• **WHAT THE TASK REQUIRES**:
Give back exactly the lines that run from the beginning of the entries to the line containing "Broqueles de luna", both included, and nothing else.

--- DATA PROVIDED Enclosed Below ---

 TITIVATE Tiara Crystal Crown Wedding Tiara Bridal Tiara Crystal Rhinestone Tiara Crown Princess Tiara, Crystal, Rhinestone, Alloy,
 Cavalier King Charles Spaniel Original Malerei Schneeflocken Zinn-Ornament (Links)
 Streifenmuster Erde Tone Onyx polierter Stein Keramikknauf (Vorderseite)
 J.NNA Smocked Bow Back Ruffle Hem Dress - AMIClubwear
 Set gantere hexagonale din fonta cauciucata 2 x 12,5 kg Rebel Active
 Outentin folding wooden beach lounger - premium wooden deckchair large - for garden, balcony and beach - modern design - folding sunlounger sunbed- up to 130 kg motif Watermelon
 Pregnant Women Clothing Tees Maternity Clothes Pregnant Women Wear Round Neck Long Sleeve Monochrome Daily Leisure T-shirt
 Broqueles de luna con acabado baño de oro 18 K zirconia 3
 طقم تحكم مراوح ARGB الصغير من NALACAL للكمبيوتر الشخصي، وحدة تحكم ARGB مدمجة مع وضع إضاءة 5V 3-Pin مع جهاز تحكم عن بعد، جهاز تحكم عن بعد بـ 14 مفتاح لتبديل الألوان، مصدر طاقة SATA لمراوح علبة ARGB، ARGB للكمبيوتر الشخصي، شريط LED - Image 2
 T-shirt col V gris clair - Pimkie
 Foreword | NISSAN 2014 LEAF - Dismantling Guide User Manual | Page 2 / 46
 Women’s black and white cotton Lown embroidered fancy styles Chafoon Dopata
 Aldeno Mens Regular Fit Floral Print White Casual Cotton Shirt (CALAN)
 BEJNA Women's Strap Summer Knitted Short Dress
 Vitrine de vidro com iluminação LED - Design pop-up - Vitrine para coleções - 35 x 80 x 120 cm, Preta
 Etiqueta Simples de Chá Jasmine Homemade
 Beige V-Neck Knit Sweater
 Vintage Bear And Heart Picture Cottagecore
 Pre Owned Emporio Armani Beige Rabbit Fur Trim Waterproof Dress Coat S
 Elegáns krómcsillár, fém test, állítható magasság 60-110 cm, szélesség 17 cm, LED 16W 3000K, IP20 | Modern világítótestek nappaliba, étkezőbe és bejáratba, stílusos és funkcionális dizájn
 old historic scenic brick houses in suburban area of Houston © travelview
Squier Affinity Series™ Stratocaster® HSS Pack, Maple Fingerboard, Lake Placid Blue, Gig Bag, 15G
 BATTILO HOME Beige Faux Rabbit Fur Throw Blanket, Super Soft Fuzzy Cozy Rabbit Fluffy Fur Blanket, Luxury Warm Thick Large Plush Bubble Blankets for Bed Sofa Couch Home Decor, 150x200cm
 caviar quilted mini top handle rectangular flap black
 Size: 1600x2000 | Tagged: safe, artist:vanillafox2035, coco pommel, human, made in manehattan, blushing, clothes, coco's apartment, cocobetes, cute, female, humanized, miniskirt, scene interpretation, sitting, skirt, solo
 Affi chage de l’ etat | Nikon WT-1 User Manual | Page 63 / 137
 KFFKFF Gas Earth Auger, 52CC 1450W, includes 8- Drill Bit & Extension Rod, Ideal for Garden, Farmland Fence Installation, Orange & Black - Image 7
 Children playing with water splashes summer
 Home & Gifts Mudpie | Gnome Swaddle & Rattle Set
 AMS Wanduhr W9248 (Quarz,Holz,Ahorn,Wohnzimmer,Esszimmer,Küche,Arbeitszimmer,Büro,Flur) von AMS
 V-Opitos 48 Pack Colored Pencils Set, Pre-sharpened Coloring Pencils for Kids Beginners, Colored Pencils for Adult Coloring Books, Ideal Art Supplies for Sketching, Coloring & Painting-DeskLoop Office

--- End of Enclosed DATA PROVIDED ---

• **SOLUTION BELOW**:
 TITIVATE Tiara Crystal Crown Wedding Tiara Bridal Tiara Crystal Rhinestone Tiara Crown Princess Tiara, Crystal, Rhinestone, Alloy,
 Cavalier King Charles Spaniel Original Malerei Schneeflocken Zinn-Ornament (Links)
 Streifenmuster Erde Tone Onyx polierter Stein Keramikknauf (Vorderseite)
 J.NNA Smocked Bow Back Ruffle Hem Dress - AMIClubwear
 Set gantere hexagonale din fonta cauciucata 2 x 12,5 kg Rebel Active
 Outentin folding wooden beach lounger - premium wooden deckchair large - for garden, balcony and beach - modern design - folding sunlounger sunbed- up to 130 kg motif Watermelon
 Pregnant Women Clothing Tees Maternity Clothes Pregnant Women Wear Round Neck Long Sleeve Monochrome Daily Leisure T-shirt
 Broqueles de luna con acabado baño de oro 18 K zirconia 3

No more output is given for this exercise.